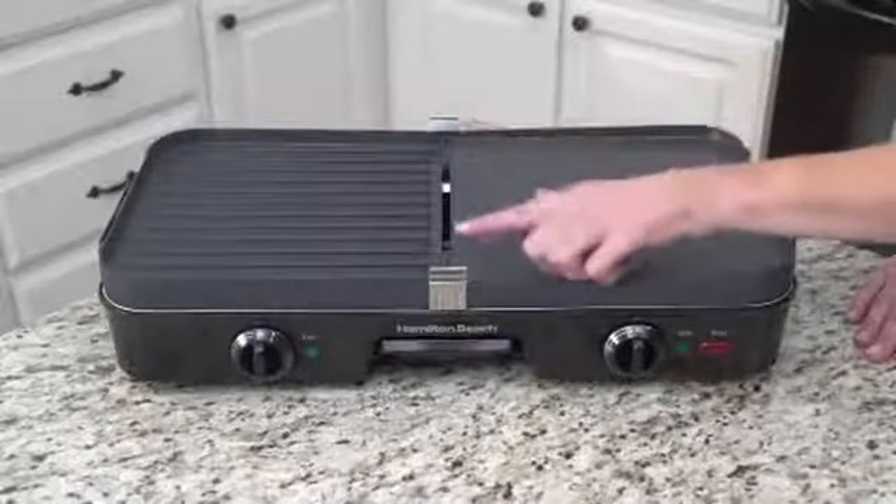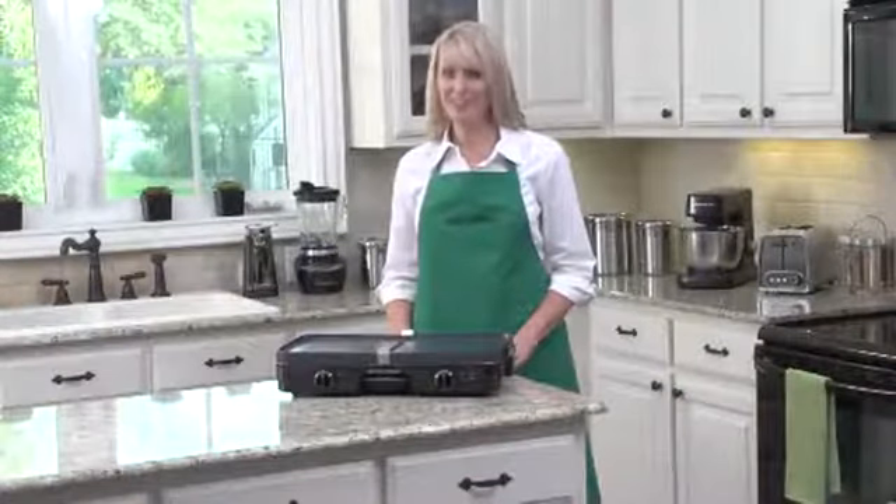The grease channel is in the center with a removable tray for easy cleanup. The tray and the two grids are dishwasher safe. Now that's good thinking.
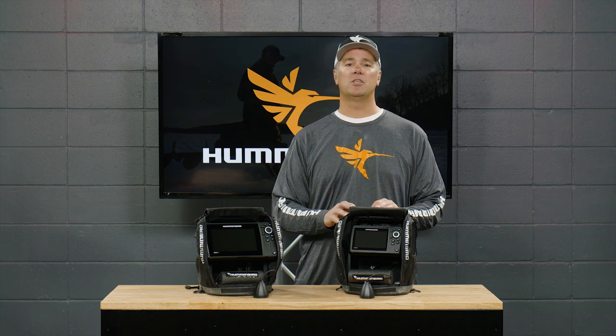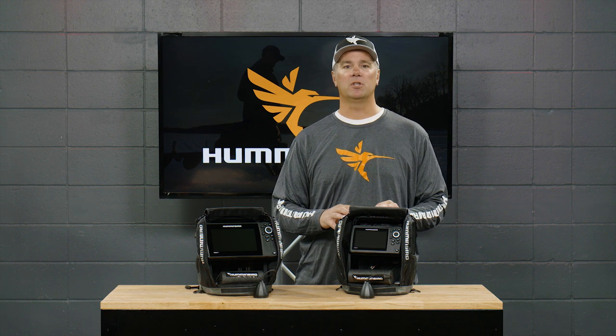So when you combine it all together, you've got really all the performance and features that an ice angler could ever want. The really impressive thing is you can get an ice helix unit — a seven-inch unit — for about the same price as a high-end mechanical flasher that doesn't have any of the other features or performance we talked about here. So if you're looking to get into a new ice sonar unit this winter, give a hard look to these ice helix units from Humminbird. They really have elevated what ice anglers should come to expect out of their ice fishing sonar.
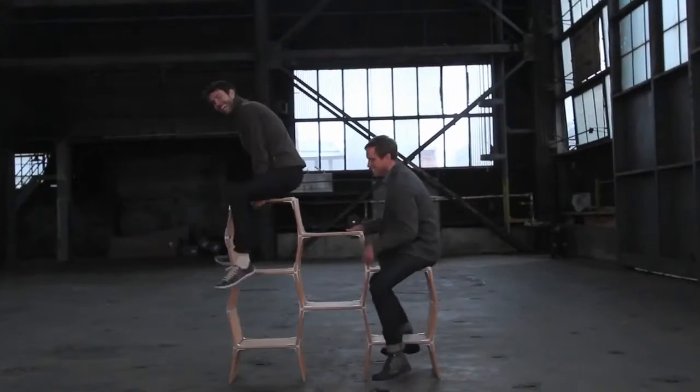Modos is a tool-free furniture system using connectors and boards to make whatever you want.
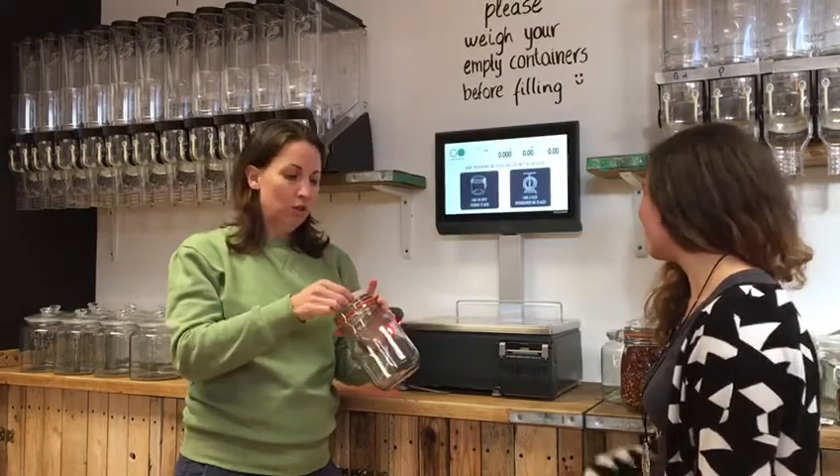Pop that onto your jar, or your bag, or your container somewhere, and then you can go around the shop and fill it up with whatever you would like.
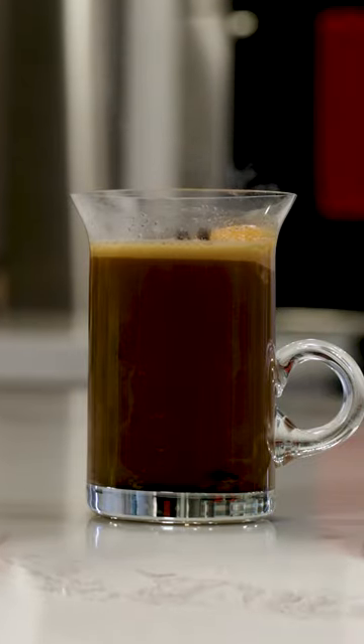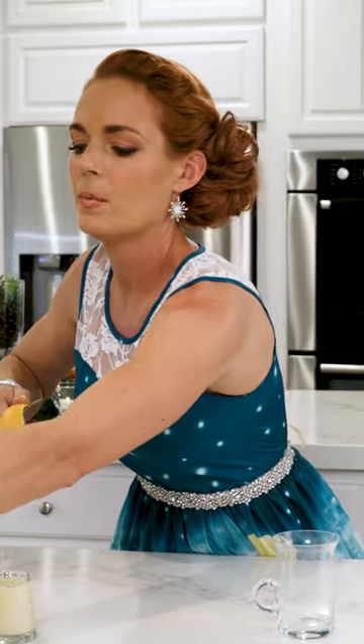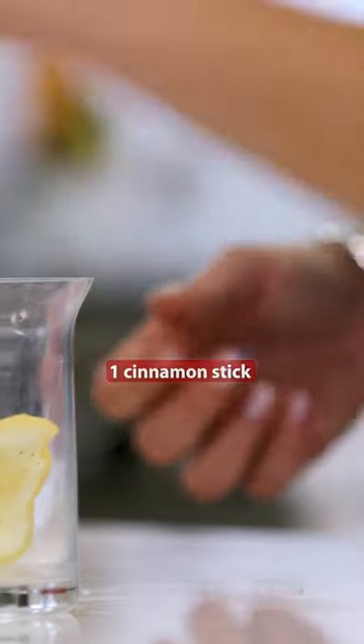This cocktail is called Bulletproof Tiger, and here's how we are going to make it. We're gonna grab an orange, and then we're gonna need six cloves. Not five, not seven, six. Next up, a cinnamon stick.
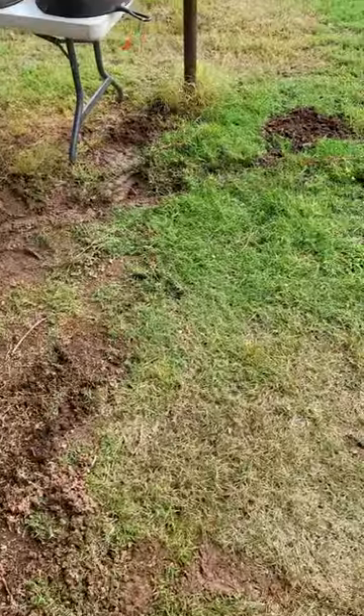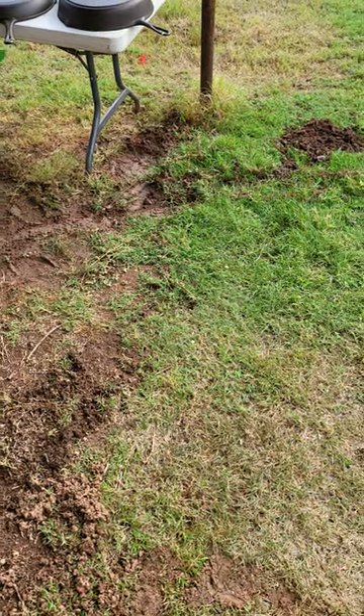Well, as you can tell it's still a little muddy, so hopefully it'll dry up and people will start coming out. Y'all have a great day.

══════

__WHAT IS BEING ASKED__.
Exactly the lines from the one with "Pop that onto" through the end of the listing above are to be repeated, with no pictures.

__WRITTEN ANSWER__.
Pop that onto your jar, or your bag, or your container somewhere, and then you can go around the shop and fill it up with whatever you would like.
This cocktail is called Bulletproof Tiger, and here's how we are going to make it. We're gonna grab an orange, and then we're gonna need six cloves. Not five, not seven, six. Next up, a cinnamon stick.
Well, as you can tell it's still a little muddy, so hopefully it'll dry up and people will start coming out. Y'all have a great day.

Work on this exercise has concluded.